What I’m Reading: A Murmuration of Starlings

A Murmuration of Starlings is Jake Adam York’s second book of poems and winner of the 2007 Crab Orchard Series in Poetry–Open Competition. While I’ve admired York’s poems in journals over the past couple of years, I missed his first book Murder Ballads and plan to go back to that as soon as possible.

The opening poem of A Murmuration of Starlings, “Shall Be Taught to Speak,” begins with the familiar territory of how European Starlings were introduced to America in 1890 in an attempt to populate North America with all of the birds mentioned in Shakespeare. However, the poem then makes a dramatic shift to a photograph of a lynching in Arkansas from the same time period. This twining of the images of starlings and racial discord sets the theme for the rest of the book, which is mostly concerned with the Civil Rights era. At first, I thought the poem a bit heavy-handed in the connection; however, on reading the complete book, I have come to appreciate its place.
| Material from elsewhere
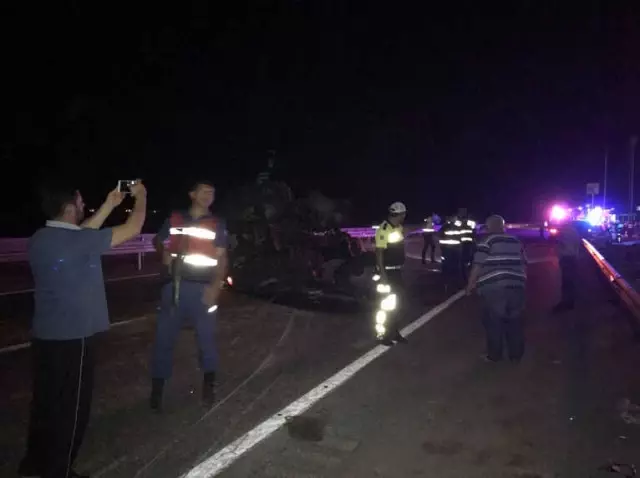 Afyonkarahisar'da Yolcu Otobüsü Traktörle Çarpıştı: 2 Ölü 3 Yaralı!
The rest of the book is wave on wave of poems that circle one of the most painful episodes in our history, poems of Emmet Till, riots, and the Birmingham church bombings. While the poems serve as historical markers, they are transformed by the careful weaving of one extended metaphor that is ever-changing: the starlings as darkness, threat, voice in the face of silence, all the buried secrets that refuse to remain unheard.

With subject matter so laced through with emotion, it is sometimes easy for a poet to let the themes carry the poem, to let technique slip; not York. He is a master of sound and line. He does not rely on hard end-rhymes but nests sounds within lines and then lets them echo throughout the poems, something subtle and haunting.
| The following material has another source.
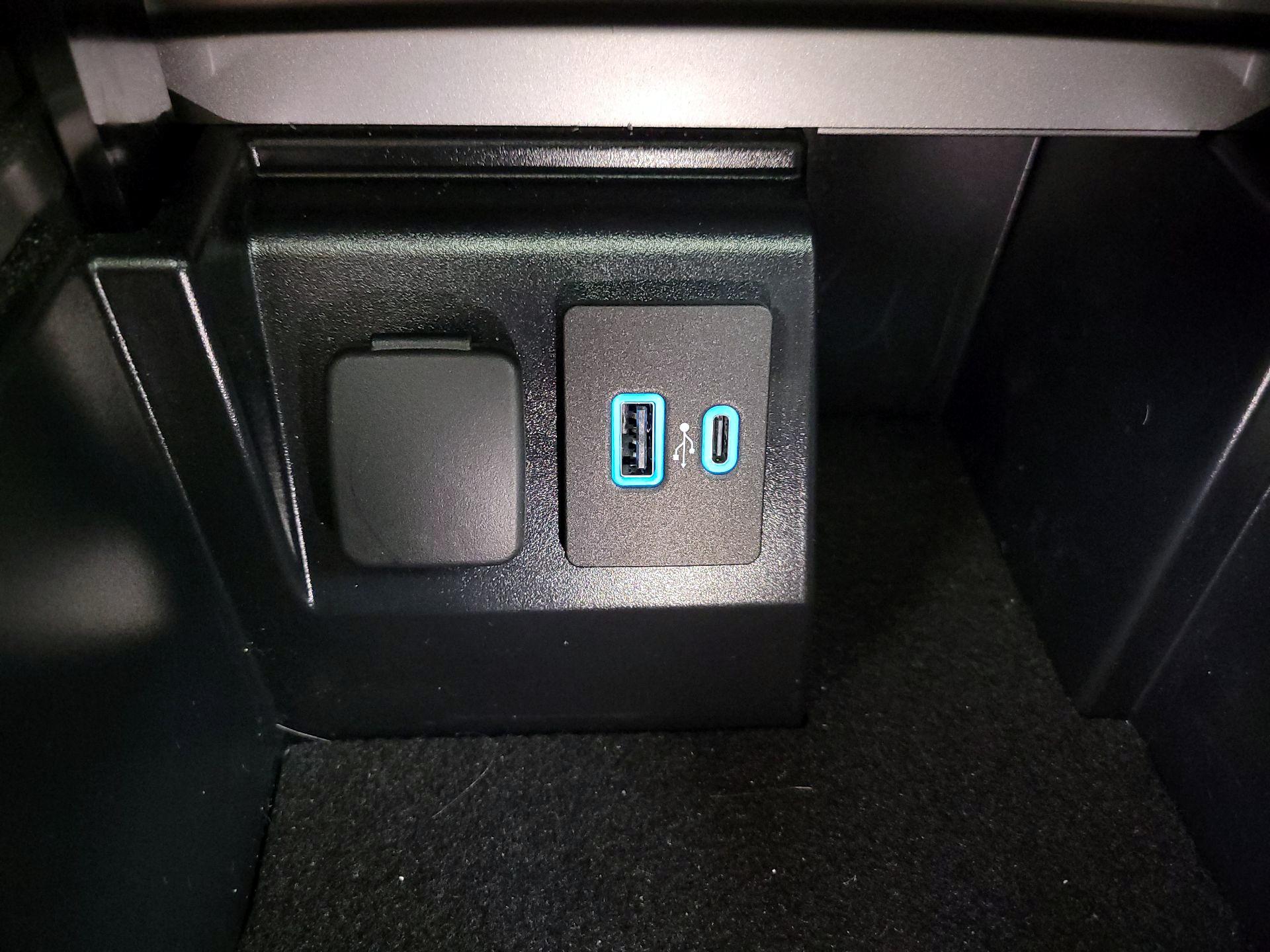 Thumbnail: 2023 Ford Explorer - 19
This is a book heavy with history. Living now in the south, I’m left with the question: How do we rise, phoenix-like, from so much hate?

York’s website offers this about the book:
A Murmuration of Starlings is the second in a projected series of volumes that elegize the martyrs of the Civil Rights Movement.
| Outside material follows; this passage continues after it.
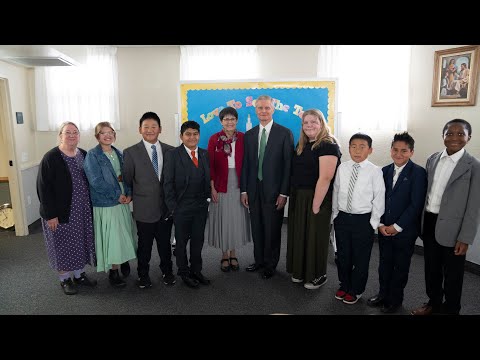 De amigo a amigo: Compartir el amor de Jesús por medio del servicio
I inadvertently began this series in the course of composing Murder Ballads when poems about industrial accidents in Alabama’s steel industry lead me into the veins of the state’s racial history, through which I found my way to (or, more properly, back to) the stories of the Civil Rights Movement, particularly the gruesome murders of those whose names are inscribed on the Civil Rights Memorial in Montgomery, Alabama. After Murder Ballads was complete, I dedicated myself to extending into a series the poems for the Civil Rights Martyrs, and within about 18 months, I had a series of poems revolving around an exploration of the Emmitt Till murder trial and an exploration of the murder of Jimmie Lee Jackson.